# 1. Cleaning and Geocoding

Here, I clean, aggregate, and merge the various dataset extractions from our database at the unique 6-digit postal code level. I also extend our dataset by adding geolocation, specifically:

*  Latitude and longitude per postal code 
*  Neighbourhood in which the postal code resides. 
*  Local Health Area (LHA) in which the postal code resides

*Input files (raw files required to run code):* 

| File Name | Description | Location | 
|----------|:-------------:|:-------------:|
| **MANIFOLD_DOWNLOAD_.csv**|Five manifold files representing five different downloads from polaris | M:\PH-RPM\Elba\Data\Manifold_Downloads\ |
| **M:\PH-RPM\Elba\Data\PBI_Data_8-10-2018.xlsx** |Internal data with 2016,2017 donations among other variables  | M:\PH-RPM\Elba\Data\ |

*Resulting files:*

| File Name | Description | Location | 
|----------|:-------------:|:-------------:|
| **MANIFOLD_BC_ALL.csv**|contains manifold information + internal data by postal code | M:\PH-RPM\\Elba\\Data\\MANIFOLD_BC_ALL.csv |
| **Geocoded_MANIFOLD_BC_ALL_2.csv** |contains all postal codes with their respective lat/long and neighbourhood |  |


In [1]:
import numpy as np
import pandas as pd
from pandas import Series, DataFrame
import sqlalchemy as sql
import zipfile
import urllib as rq
import geopandas as gpd #for geomapping analysis
import requests #making url requests 
from io import BytesIO, StringIO
import re
import utm #for geomapping
import json #for geomapping 

### I. Basic Merging and Cleaning 

In [2]:
#Uploading  Manifold extracts
data1 = pd.read_csv("M:\PH-RPM\Elba\Data\Manifold_Downloads\MANIFOLD_DOWNLOAD_1.csv")
data2 = pd.read_csv("M:\PH-RPM\Elba\Data\Manifold_Downloads\MANIFOLD_DOWNLOAD_2.csv")
data3 = pd.read_csv("M:\PH-RPM\Elba\Data\Manifold_Downloads\MANIFOLD_DOWNLOAD_3.csv")
data4 = pd.read_csv("M:\PH-RPM\Elba\Data\Manifold_Downloads\MANIFOLD_DOWNLOAD_4.csv")
data5 = pd.read_csv("M:\PH-RPM\Elba\Data\Manifold_Downloads\MANIFOLD_DOWNLOAD_5.csv")

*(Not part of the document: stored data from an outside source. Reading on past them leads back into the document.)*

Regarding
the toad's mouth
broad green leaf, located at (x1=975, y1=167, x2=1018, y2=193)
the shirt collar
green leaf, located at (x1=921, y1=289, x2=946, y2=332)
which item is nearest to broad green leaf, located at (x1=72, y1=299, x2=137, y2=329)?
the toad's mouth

#Renaming postal code to match what's on file
data2 = data2.rename(columns={'Postal Code': 'Postal_Code'})
data3 = data3.rename(columns={'Postal Code': 'Postal_Code'})
data4 = data4.rename(columns={'Postal Code': 'Postal_Code'})
data5 = data5.rename(columns={'Postal Code': 'Postal_Code'})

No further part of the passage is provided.